Prêmio
11 de junho de 2010Para além dos cânones literários, David Grossman é reconhecido por seu engajamento pessoal no movimento "Paz Agora", cuja postura é de crítica ao governo israelense. Desde 1993, o escritor, hoje com 56 anos, é responsável por comentários e colunas regulares acerca dos conflitos que assolam o Oriente Médio.
Entender o pensamento do outro
O júri do Prêmio da Paz, concedido pelo Comércio Livreiro Alemão, salienta que os romances e ensaios de Grossman mantêm uma postura equilibrada e justa frente aos dois lados envolvidos no conflito entre palestinos e israelenses.
"Quando escrevo um texto literário sobre a situação política, tento sempre abarcar toda a situação sob ambas as perspectivas. Não posso contemplar o mundo através de uma ótica estreita. Isso não é fácil, porque, às vezes, você se vê através dos olhos do inimigo. E aí você percebe o quão degenerado você está. Isso nos dá a consciência da deformação do nosso caráter, da nossa sociedade, da nossa nação", descreve o escritor.
Grossman está convencido de ter sido agraciado com o Prêmio da Paz na Alemanha apenas em função de seu último livro, intitulado A mulher foge (tradução brasileira pela Companhia das Letras), história impressionante da personagem Orah sobre seu filho, que participa por vontade própria de uma missão militar na Cisjordânia.

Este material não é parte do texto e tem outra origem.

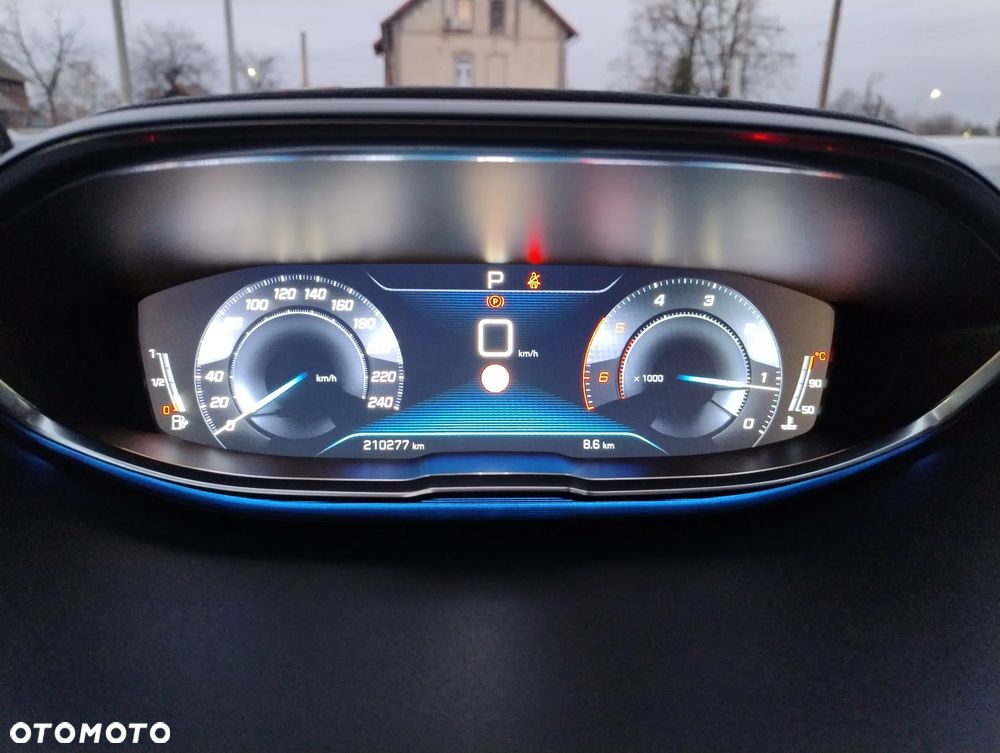 Peugeot 3008 BlueHDi 130 Stop & Start EAT8 Allure - 13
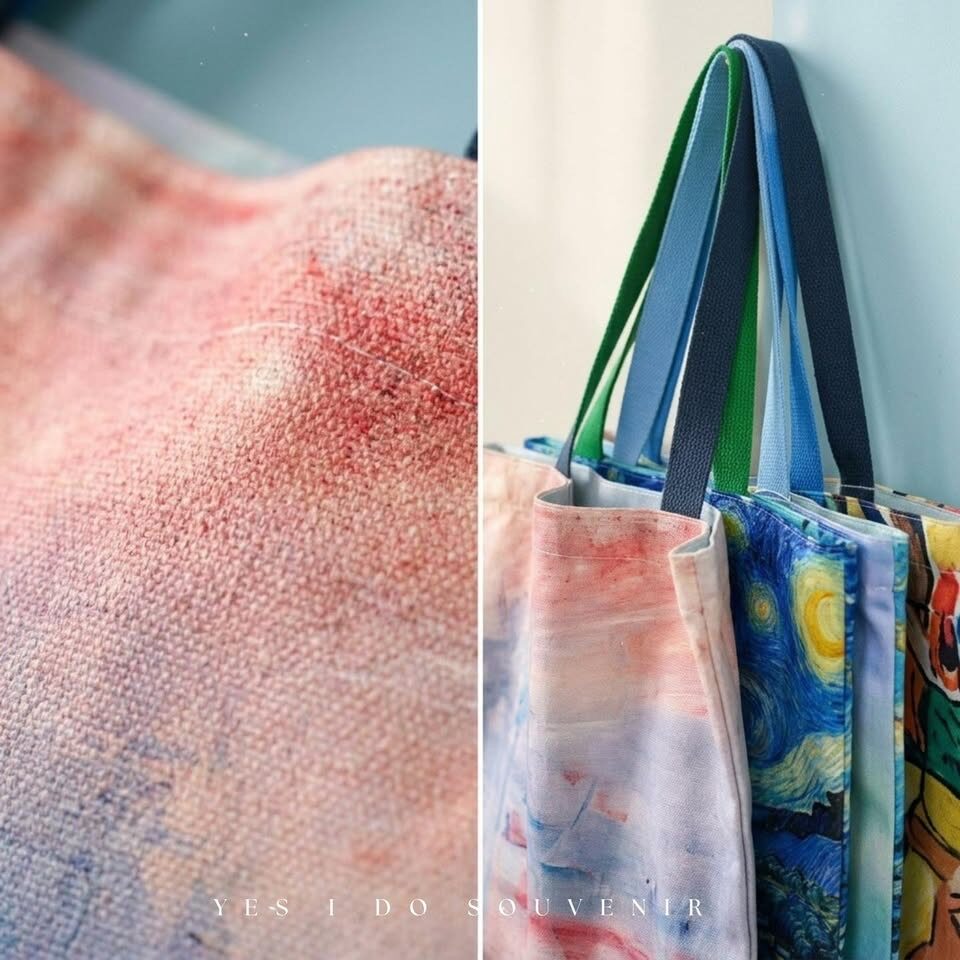Classic Tote fabric detail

A mãe, na narrativa, tem esperanças de poder evitar o destino trágico do filho ou, caso algo fatal aconteça, de que a notícia da morte não chegue até ela. O livro, considerado um protesto literário contra a guerra, mostra como o destino das pessoas está intimamente ligado à política em Israel.
Dar voz à vida em comum
Grossman, também considerado um dos jornalistas mais influentes de seu país, tornou-se conhecido internacionalmente em 1988 pela publicação de uma série de reportagens intitulada O vento amarelo, sobre as relações entre israelenses e árabes, e por ter se negado a aceitar que ali fossem censurados seus relatos sobre a declaração de independência dos palestinos.
Em consequência disso, Grossman foi demitido sumariamente e trabalha desde então como escritor autônomo, concentrando-se em seus romances e livros infantis. Seus temas giram muitas vezes em torno das interseções entre a política e os destinos pessoais e do medo das consequências das divergências políticas para a própria existência.

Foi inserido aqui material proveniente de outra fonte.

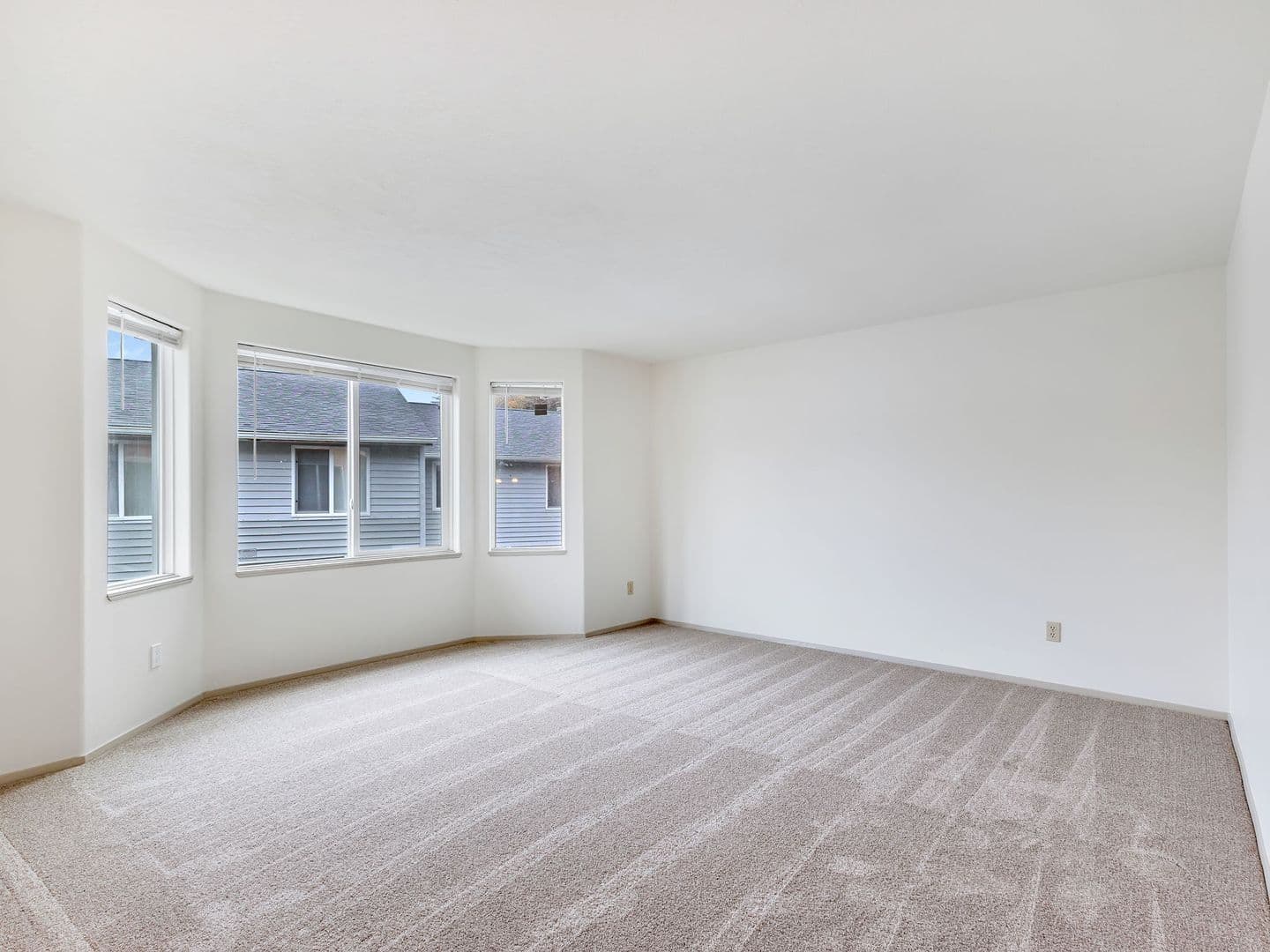 Seaside Apartment: 355 South Wahanna Rd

Em seus ensaios, o escritor continua reagindo aos acontecimentos atuais, muitos deles permeados pela violência, como os conflitos recentes na costa da Faixa de Gaza. "A impressão imediata é a de que as chances de paz são mínimas. As pessoas são muito hostis e desconfiadas, elas suspeitam absolutamente umas das outras. Mas a história mostra que até os piores inimigos no fim podem selar a paz", acredita Grossman.
Força da literatura?
O escritor diz que se mantém "realista" frente à dúvida quanto à força de seus livros. "É claro que não acredito que, quando escrevo um artigo sobre a paz, na manhã seguinte o Benjamin Netanyahu vai sair correndo e selar a paz. Mas estou convencido de que formulo algumas coisas de uma forma que muita gente não formularia. E espero que as pessoas se comovam com isso e não voltem a seus clichês de costume", diz Grossman.
Pelo menos o sucesso literário já lhe dá razão. Os romances, ensaios, contos e livros infantis do escritor foram traduzidos para mais de 30 idiomas e receberam várias premiações, entre estas os prêmios Nelly-Sachs, Manès Sperber e Irmãos Scholl.
O Prêmio do Comércio Livreiro Alemão será entregue a Grossman no próximo 10 de outubro, em cerimônia que tradicionalmente encerra a Feira do Livro de Frankfurt.